### AIM OF THE TASK
There are pictures in the records below; leave them out and set down exactly the lines from the one holding "Afbeelding van DHLK®" through the one holding "SINNER: Sacrifice For".
[[ SOURCE RECORDS, beginning ]]
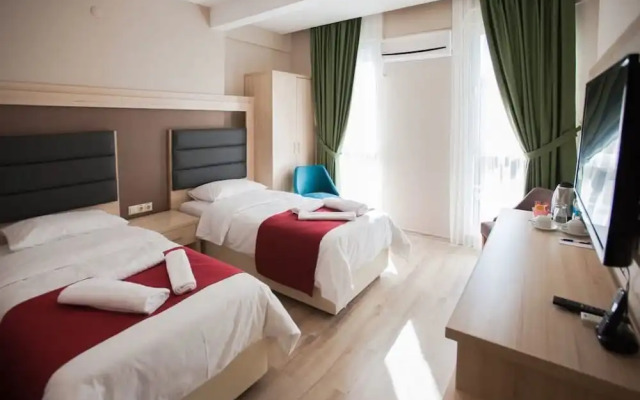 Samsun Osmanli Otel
[[ SOURCE RECORDS, end ]]
[[ SOURCE RECORDS, beginning ]]
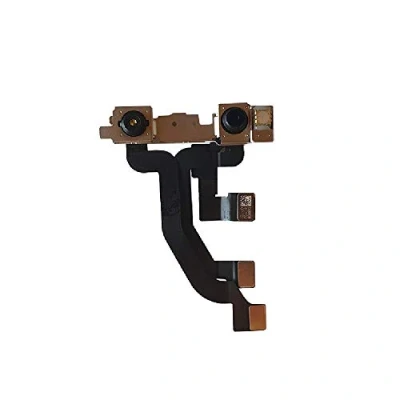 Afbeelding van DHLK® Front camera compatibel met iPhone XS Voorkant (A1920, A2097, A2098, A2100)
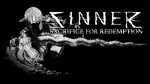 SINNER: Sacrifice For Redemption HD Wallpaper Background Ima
[[ SOURCE RECORDS, end ]]
### RESPONSE TO THE TASK
 Afbeelding van DHLK® Front camera compatibel met iPhone XS Voorkant (A1920, A2097, A2098, A2100)
 SINNER: Sacrifice For Redemption HD Wallpaper Background Ima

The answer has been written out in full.